Echo and the Bunnymen.
O post-punk chegou aqui como um cadáver hirto e exumado. 'Lips like sugar' já não é uma mulher fogosa que foge, já não é um cisne, já não flutua, é só uma boneca balofa insuflada, com menos vida que a Gina, a boneca escachada que se passeia nua e labial nas encostas e no rio e num grupo folgazão do festival. 

quinta-feira, agosto 15, 2013

José Miguel Gaspar: Coura, Dia 2

Alabama Shakes
Alabama Shakes

"- Se fechares os olhos quando ela canta o que é que ela te parece?

- A mim parece-me um homem. Mas um homem mais baixo. 

Não sabíamos que Brittany Howard era tão gorda e tão grande como uma cama (eu pelo menos não sabia, sou dos antigos, continuo a consumir só os áudios, não vejo os vídeos), nem que o baixista Zac é um sósia de Zack Galifianakis, mas um Zack imenso e sério e petrificado que só mexe dois dedos debaixo da túnica e da barba inamovível. À quinta canção, já eles tinham tocado 'Hang loose' e 'Hold on', lenta e linda que nos pôs a dançar e a dizer que sim com o torso, como se fossemos salomónicos que dançam sem cabeça e sem membros, e ela já estava a dizer que gostava muito de nós (mas disse-o enrolado, na sua língua americana cheia de sul). Ao sexto tema, com a tenda Vodafone FM atulhada e cinco vezes mais gente que transbordava até às escotilhas, ela parou e disse isto: 'Esta canção não é uma canção triste.
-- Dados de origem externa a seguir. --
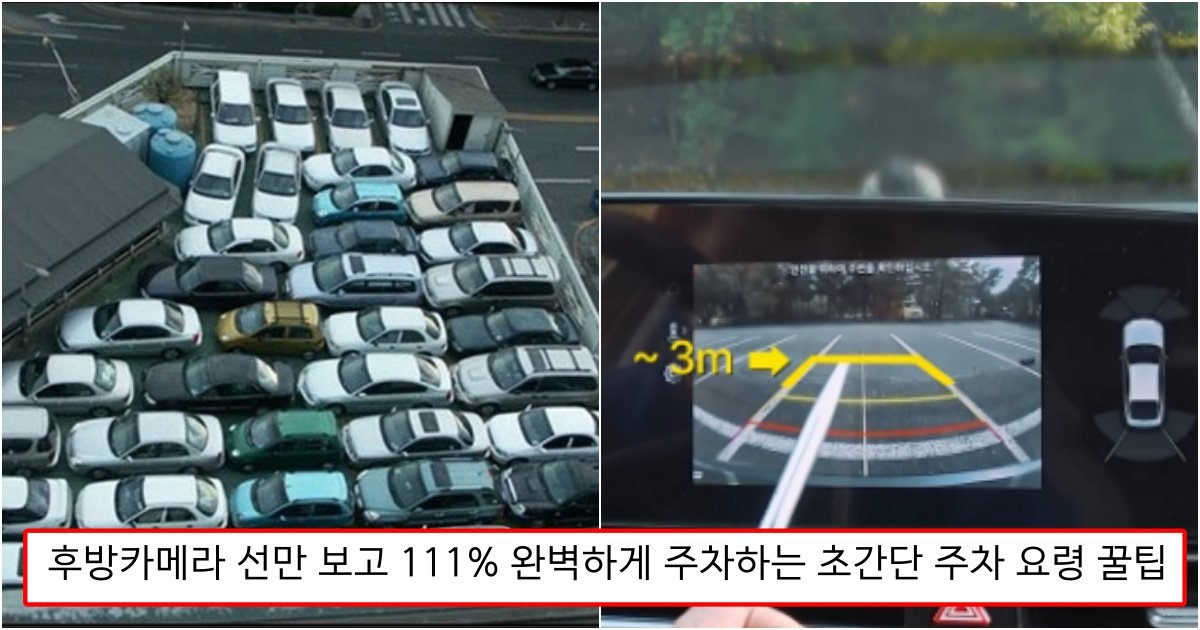 collage 6.jpg?resize=412,275 - "좁다고 무서워할 필요없다.." 후방카메라 선만 보고 111% 완벽하게 주차하는 초간단 주차 요령 꿀팁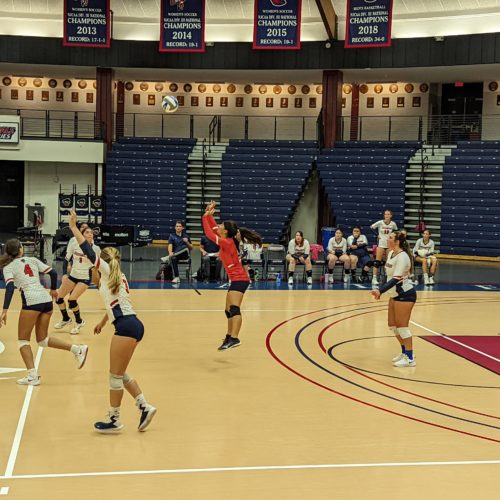 Women's volleyball team in action.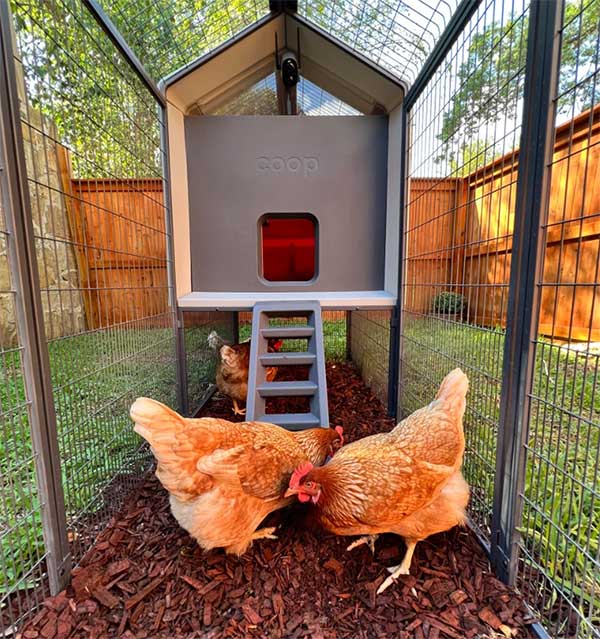 Interior space of the chicken coop.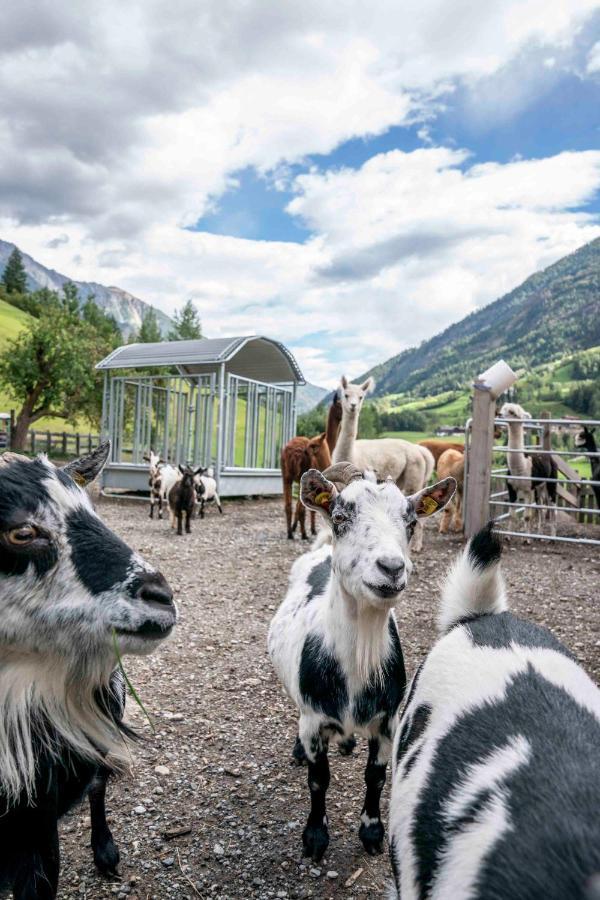 Ferienwohnung Ruggenthalerhof Matrei in Osttirol Exterior foto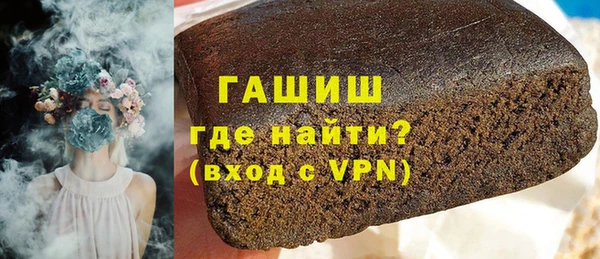 СК Ельня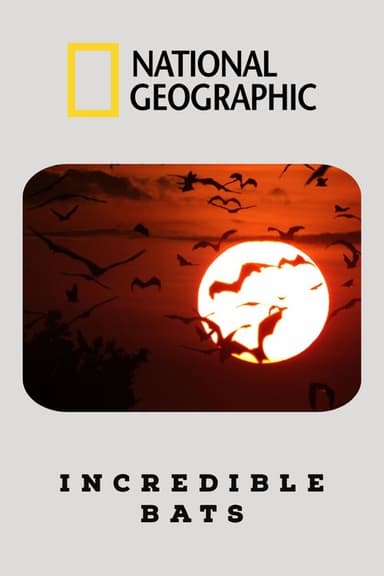 Incredible Bats poster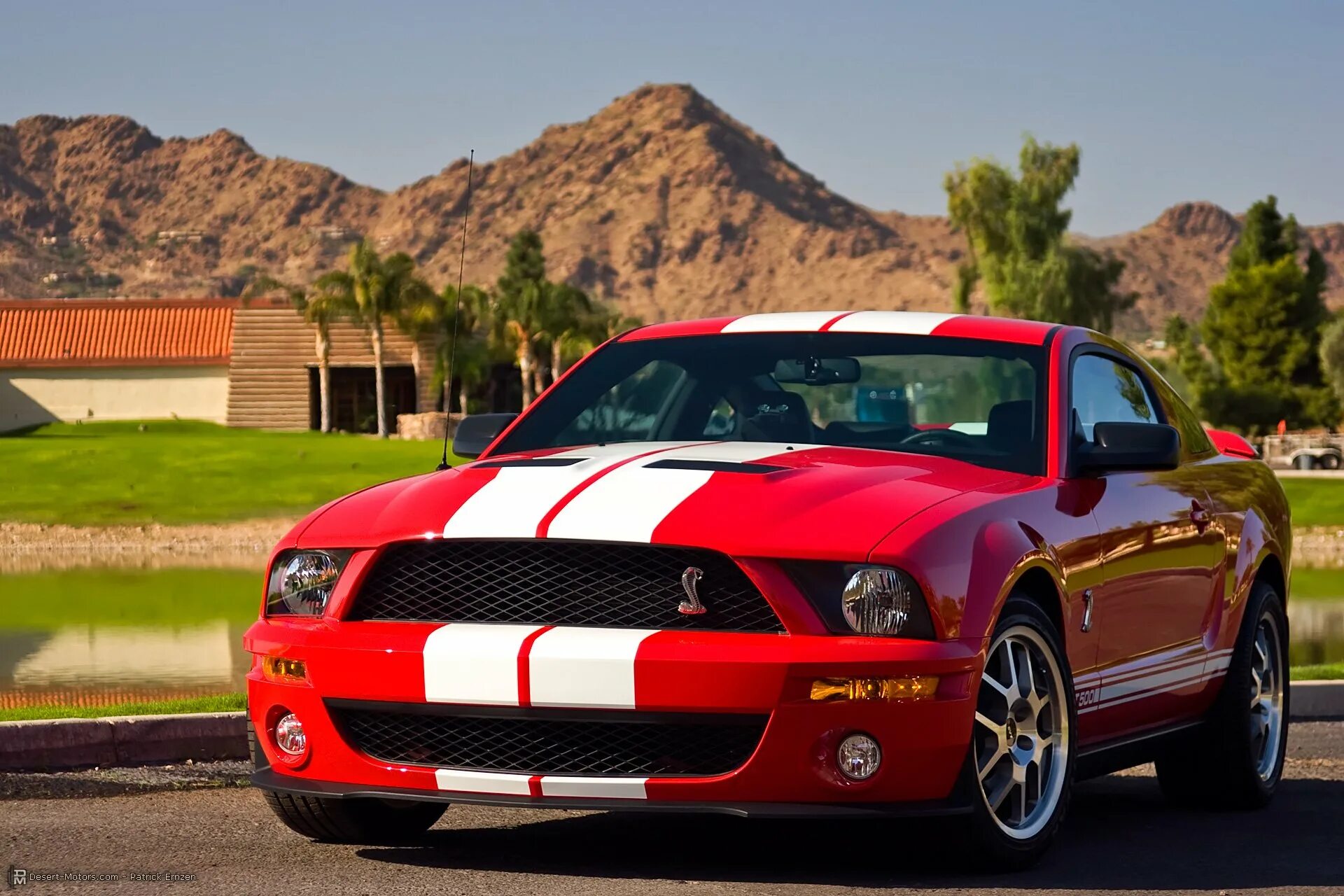 2008 Ford Shelby gt. Форд Мустанг gt 500 Shelby. Форд Мустанг Шелби 2008. Ford Мустанг Shelby gt500. Мустанг 2008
Esta canção é sobre aprender a lição'. E atacou, com lentidão encorpada e dulcíssimos golpes (atacou: a canção faz estremecer e ter frio), e entrou-nos com aquela voz grave e de agudos estrídulos, como uma catana pelo coração adentro com 'Heartbreaker', a canção fulminante dos amores prostrados: 'Why, why did you have to slice so wide baby/How was I supposed to know you was a heartbreaker'. Aquilo, e aquilo foi o concerto da noite, é Alabama Shakes, é soul do sul: três acordes, blues e raízes gospel, doe quando é lento, arde e rosna quando é rápido. Os mais exagerados, os do meio e da frente, os que saíram a ressumbrar, falavam na qualidade confluente de vários espíritos, três mortos e um vivo, que ela, Brittany Howard, incorpora, como se ela fosse duas mulheres e dois homens: Winehouse e Simone, Ottis e Prince, nem menos. No fim ela parecia uma cama suada, feliz e desgrenhada.


U.M.O.


Ao vivo, a pop psicadélica da Unknown Mortal Orchestra (trio, EUA) é uma coisa fuzzy emaranhada cheia de wah wahs. Em disco não, mas ao vivo sim, parece-me música para ancas tortas ou para lagartos que levam choques eléctricos e ouvem excessivamente Tame Impala. Ali, na tenda preta que é sempre pequena para tanta gente (e que tem um chão demasiado duro), a voz do vocalista Ruban Nielson parece batida pelo vento, sai fatiada como as vozes de certos desenhos animados agudos, e ele toca a guitarra como se fosse um cossaco ou como se estivesse sempre prestes a perder o chão. Os da frente, os surrealistas e os desesperados, os que estão no vórtice do som, gostaram muito e guincharam, mas não foi grande pistola. 

Bombino

Omara Bombino não é nenhum Omar Souleyman (Souleyman é só uma cassete e uns Ray Ban de kaffyeh com pernas curtas) e já tem pelo menos três recordes de Coura 2013: é campeão do salto em comprimento lento (tem mantras de 21 minutos que são faraónicas cavalgadas eléctricas); foi o único a fazer encore (nos festivais de agora o poder legislativo do improviso foi absorvido pelo poder executivo do patrocinador e da sua ditadura da pontualidade); e foi o que teve mais e melhor crowdsurfing (o único concerto onde se nadou licenciosamente e sem peias, com pernas pelo ar e mergulhos de bruços no mar de braços do povo). Bombino, um tuareg do Niger que se dedicava à desértica contemplação e à pastorícia, salta agora com o robe dourado de Cassius Clay, como se fosse um boxer invicto que luta de guitarra. Parece aprendeu a tocá-la a decalcar riffs de vídeos de Jimi Hendrix e de Mark Knopfler (mas também podia ter aprendido no Air Guitar, o jogo dos guitarristas imaginários). Graças a Deus e a Alá, aprendeu mais com os 15 minutos psicoeléctricos do 'Voodoo child' do que com toda a discografia do sultão serôdio do swing.

O seu jogo é hábil: 

canções construídas em torno de riffs resistentes (são enganosamente simples mas estão em movimento perpétuo de justaposição e overdub), polinização cruzada de rock, blues e deserto, e aquele transe inacabável do trance que garante as alienações e os arroubos de espírito. O seu baixista, o único inteiramente enrolado no tagelmust branco , é o meu cromo favorito, um baixista de ferro que bamboleia sem nunca despegar os pés, como se tocasse atado a camelo que vai num trote interminável."